Required action
Leaving out the pictures, retype exactly the lines from the one holding "3924 E Frances" through the end of the material.
:: Data for this task
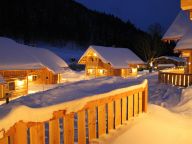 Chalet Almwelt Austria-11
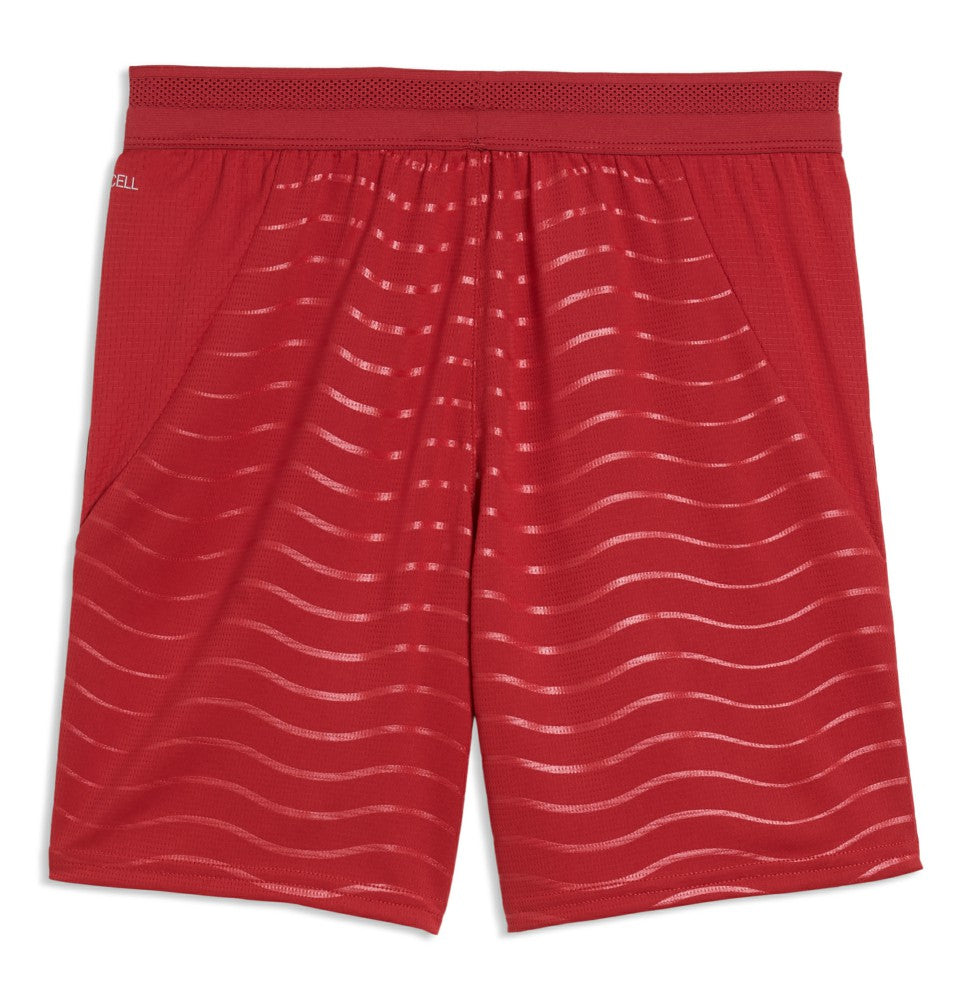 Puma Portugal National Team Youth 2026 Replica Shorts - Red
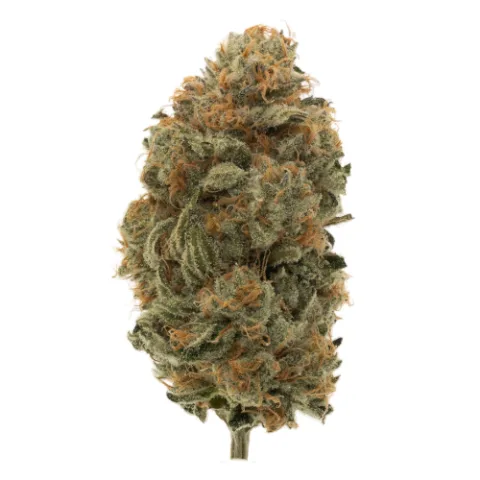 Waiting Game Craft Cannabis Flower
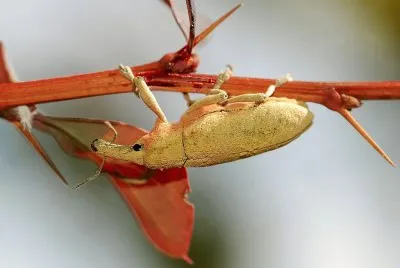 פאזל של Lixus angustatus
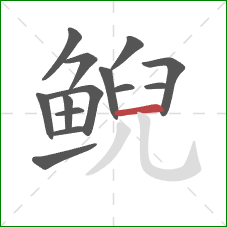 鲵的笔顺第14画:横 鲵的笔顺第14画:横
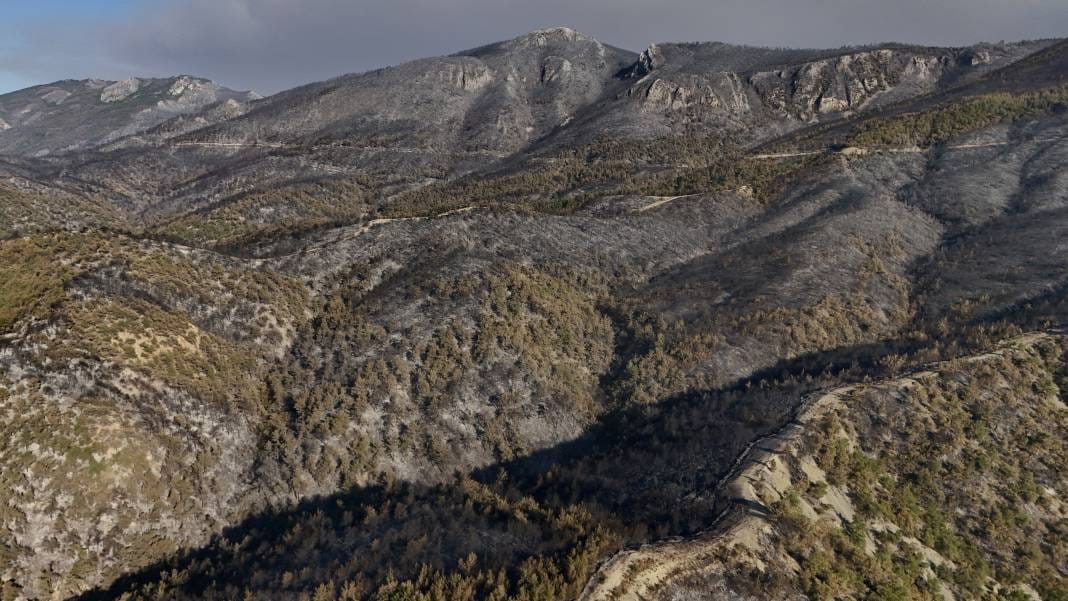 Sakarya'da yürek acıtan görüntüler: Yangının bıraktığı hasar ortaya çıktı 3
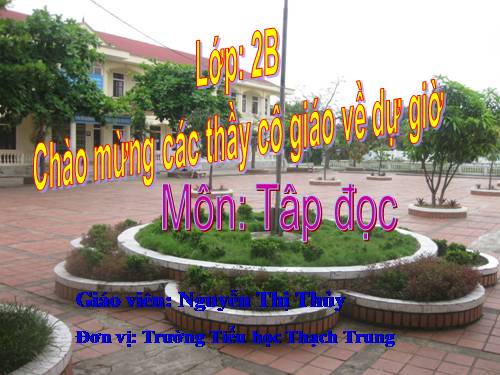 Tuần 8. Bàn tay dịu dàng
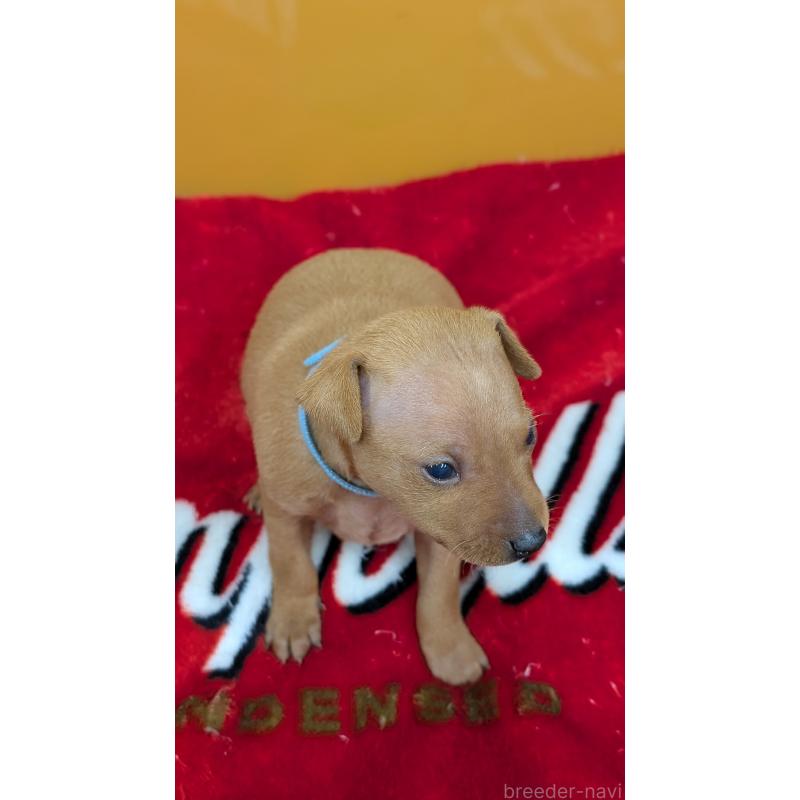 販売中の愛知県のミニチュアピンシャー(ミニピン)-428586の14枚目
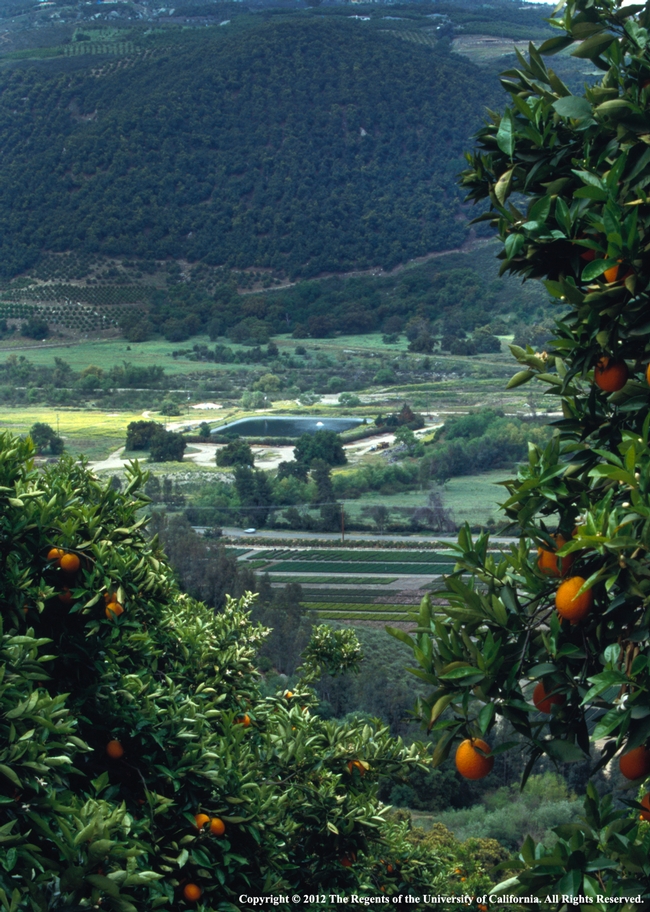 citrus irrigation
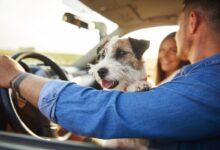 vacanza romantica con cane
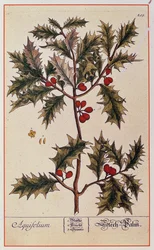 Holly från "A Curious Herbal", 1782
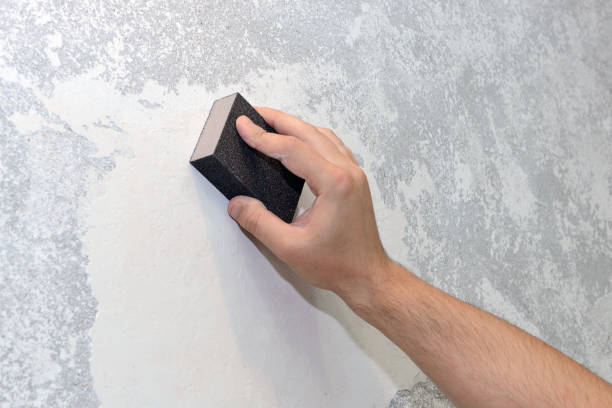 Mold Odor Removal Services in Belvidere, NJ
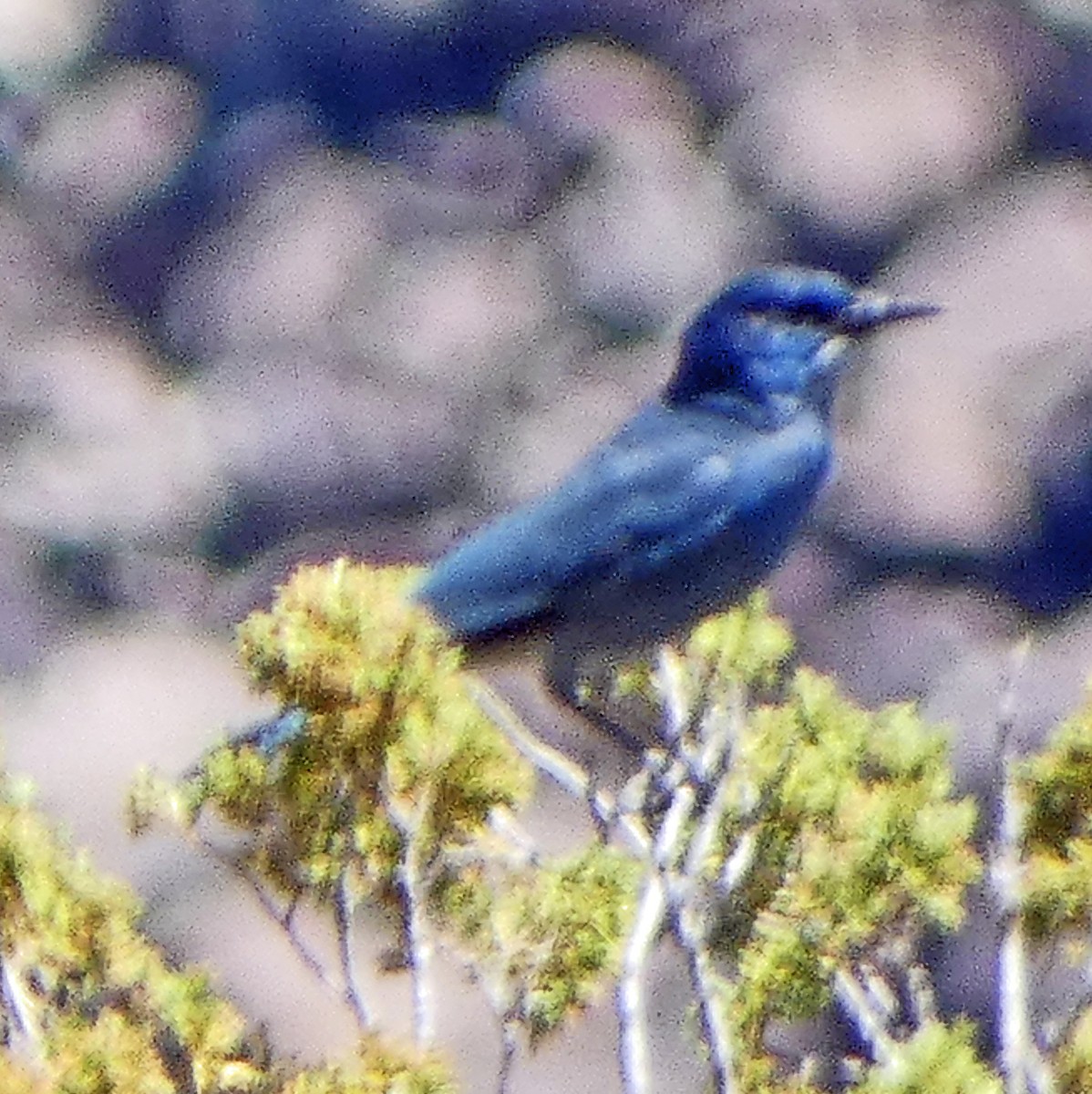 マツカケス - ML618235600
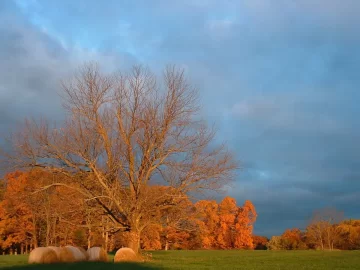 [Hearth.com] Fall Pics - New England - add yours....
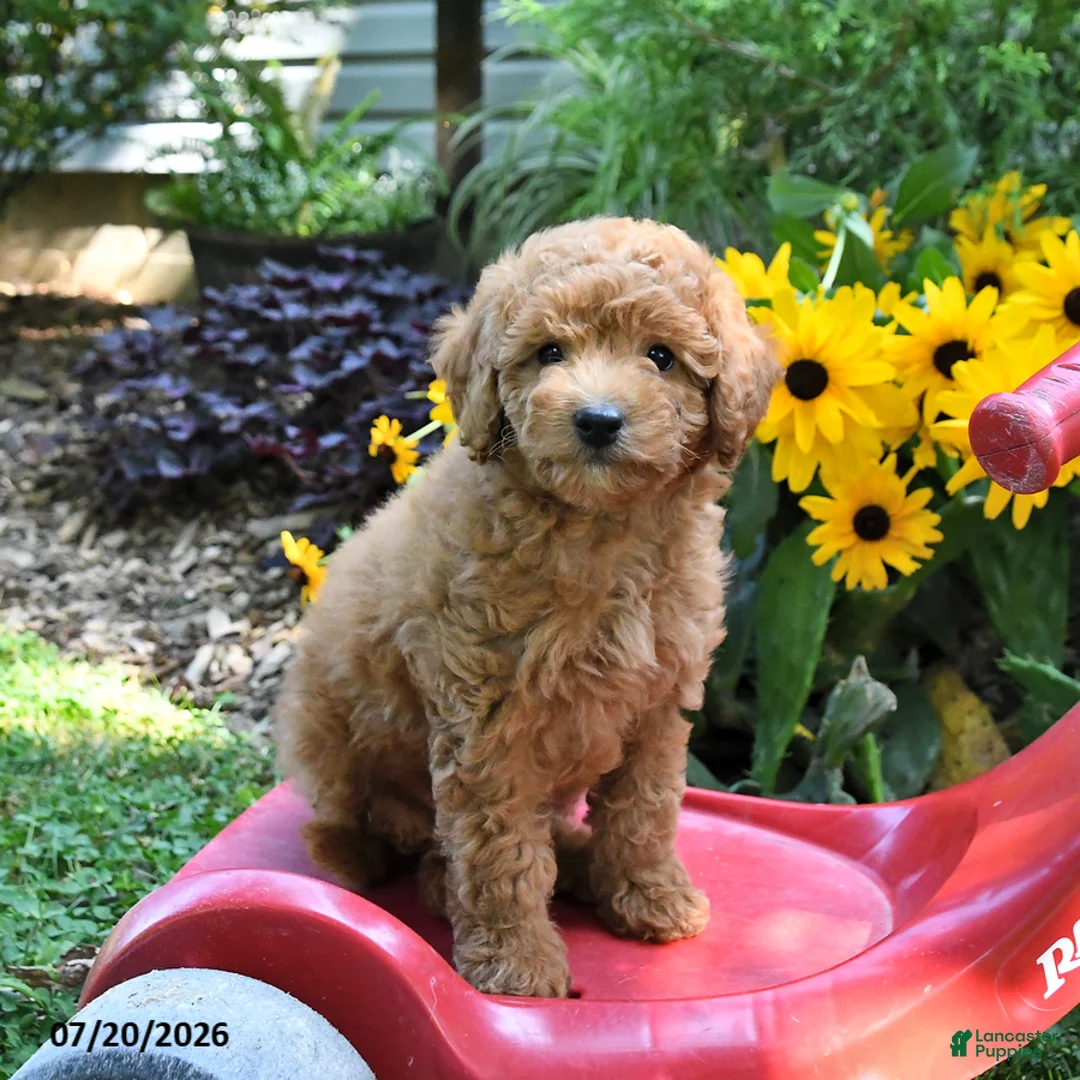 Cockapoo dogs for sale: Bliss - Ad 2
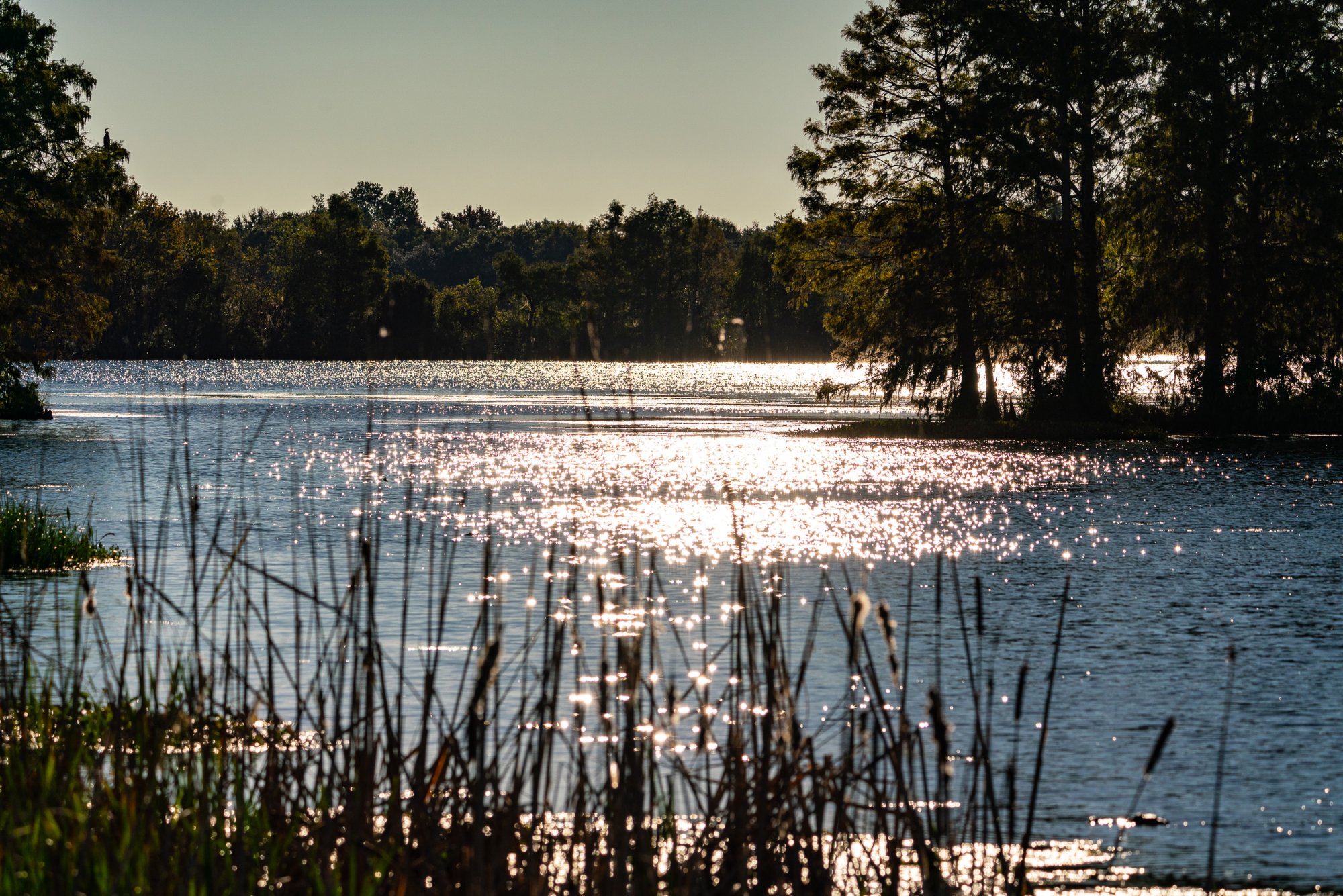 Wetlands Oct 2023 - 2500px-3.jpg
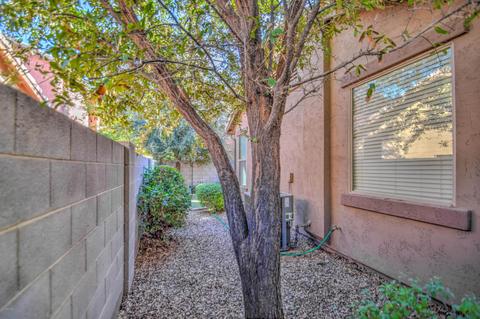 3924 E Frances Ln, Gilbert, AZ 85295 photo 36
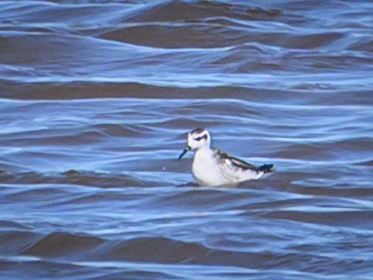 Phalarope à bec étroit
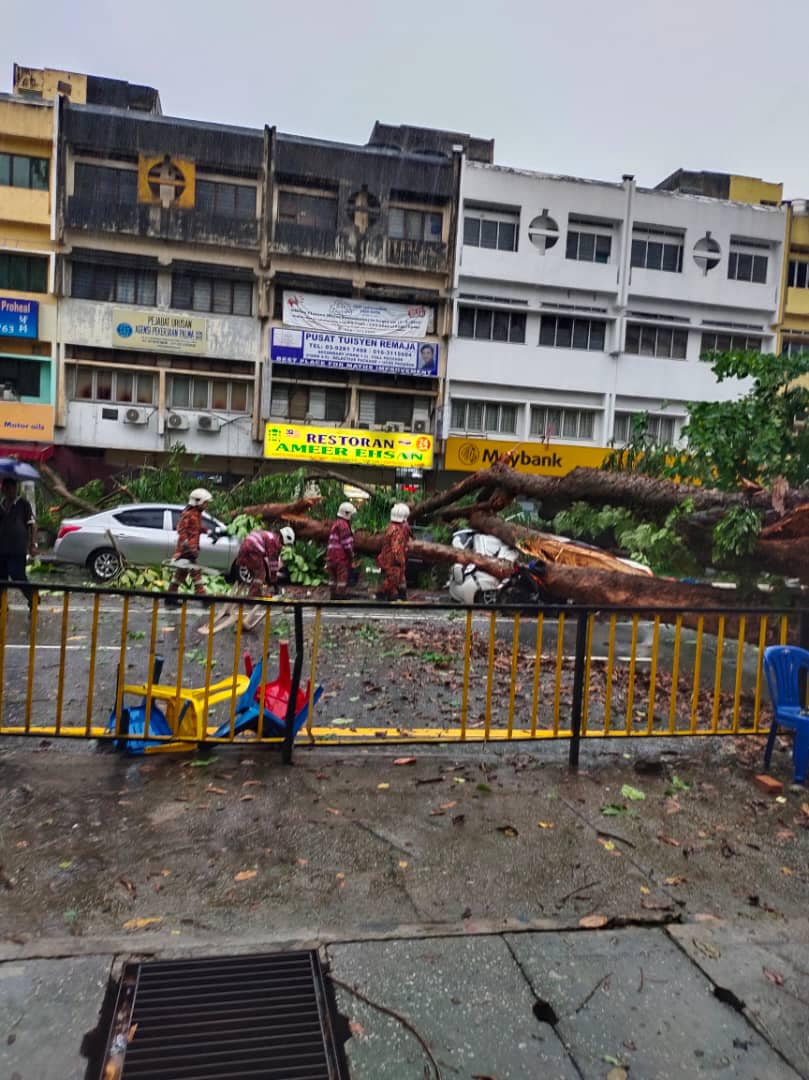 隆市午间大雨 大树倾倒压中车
::::
Task output
 3924 E Frances Ln, Gilbert, AZ 85295 photo 36
 Phalarope à bec étroit
 隆市午间大雨 大树倾倒压中车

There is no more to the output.